NOTE: Setting this flag to false may not be supported on all systems. This flag will in that case be ignored.

NOTE: The super carrier cannot be enabled nor disabled on halfword heap systems. This flag will be ignored on halfword heap systems.
+MMscrfsd <amount>
Set super carrier reserved free segment descriptors. This parameter defaults to 65536. This parameter determines the amount of memory to reserve for free segment descriptors used by the super carrier. If the system runs out of reserved memory for free segment descriptors, other memory will be used. This may however cause fragmentation issues, so you want to ensure that this never happens. The maximum amount of free segment descriptors used can be retrieved from the erts_mmap tuple part of the result from calling erlang:system_info({allocator, mseg_alloc}).
+MMscrpm true|false
Set super carrier reserve physical memory flag. This flag defaults to true. When this flag is true, physical memory will be reserved for the whole super carrier at once when it is created. The reservation will after that be left unchanged. When this flag is set to false only virtual address space will be reserved for the super carrier upon creation. The system will attempt to reserve physical memory upon carrier creations in the super carrier, and attempt to unreserve physical memory upon carrier destructions in the super carrier.

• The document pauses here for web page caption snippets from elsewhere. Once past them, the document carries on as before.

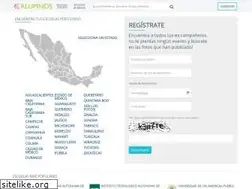Sites similar to exalumnos.com
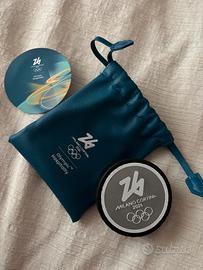 Disco da hockey, Milano Cortina 2026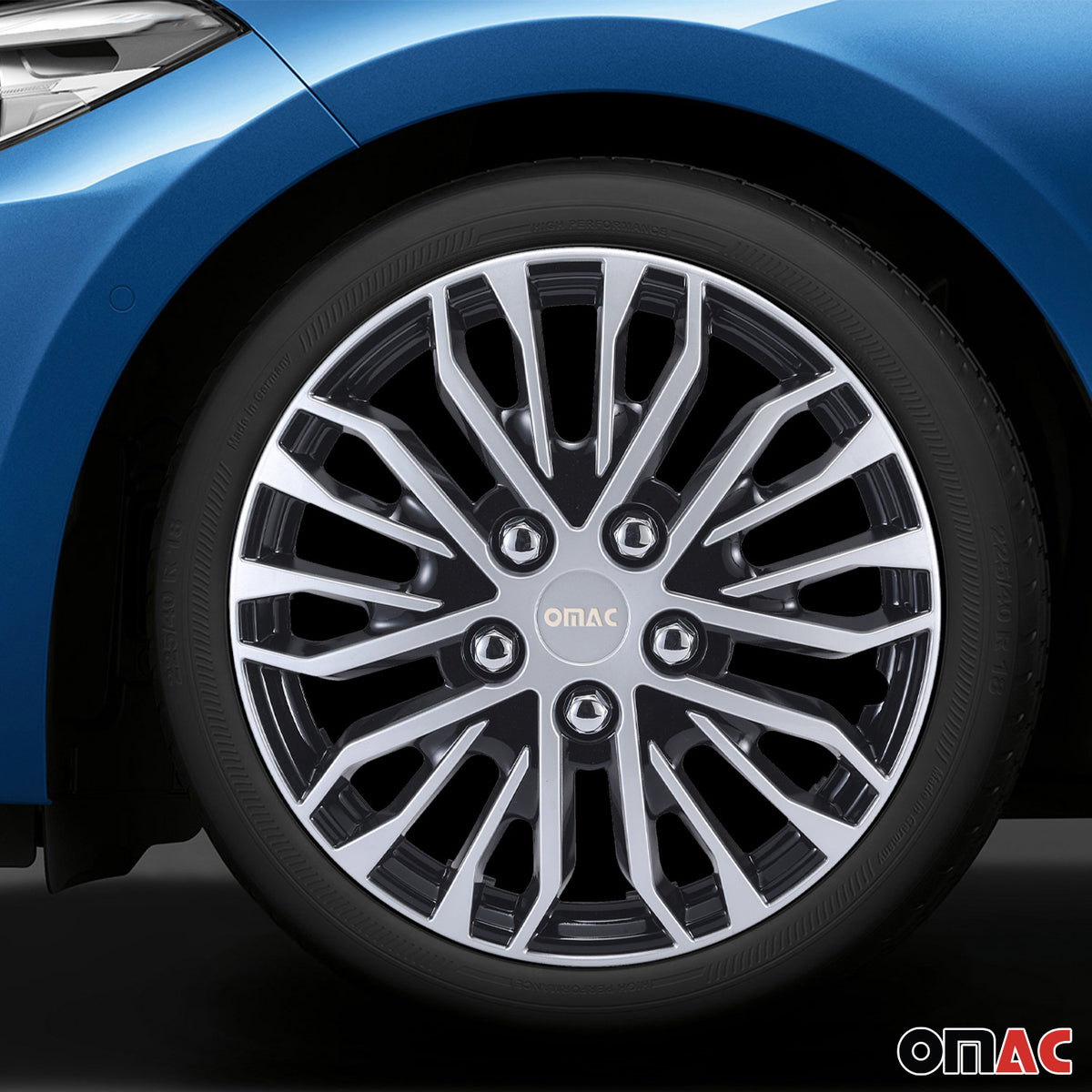 Cap Rimini Rimini Hub Caps Wheel Cover 17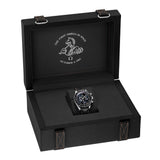 OMEGA Speedmaster Chronograph 39.7mm Blue Grey Dial Manual Winding Watch 31032405006001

NOTE: What reservation of physical memory actually means highly depends on the operating system, and how it is configured. For example, different memory overcommit settings on Linux drastically change the behaviour. Also note, setting this flag to false may not be supported on all systems. This flag will in that case be ignored.

NOTE: The super carrier cannot be enabled nor disabled on halfword heap systems. This flag will be ignored on halfword heap systems.
+MMscs <size in MB>
Set super carrier size (in MB). The super carrier size defaults to zero; i.e, the super carrier is by default disabled. The super carrier is a large continuous area in the virtual address space. mseg_alloc will always try to create new carriers in the super carrier if it exists. Note that the alloc_util framework may create sys_alloc carriers. For more information on this, see the documentation of the +MMsco flag.

NOTE: The super carrier cannot be enabled nor disabled on halfword heap systems. This flag will be ignored on halfword heap systems.
+MMmcs <amount>
Max cached segments. The maximum number of memory segments stored in the memory segment cache. Valid range is 0-30. Default value is 10.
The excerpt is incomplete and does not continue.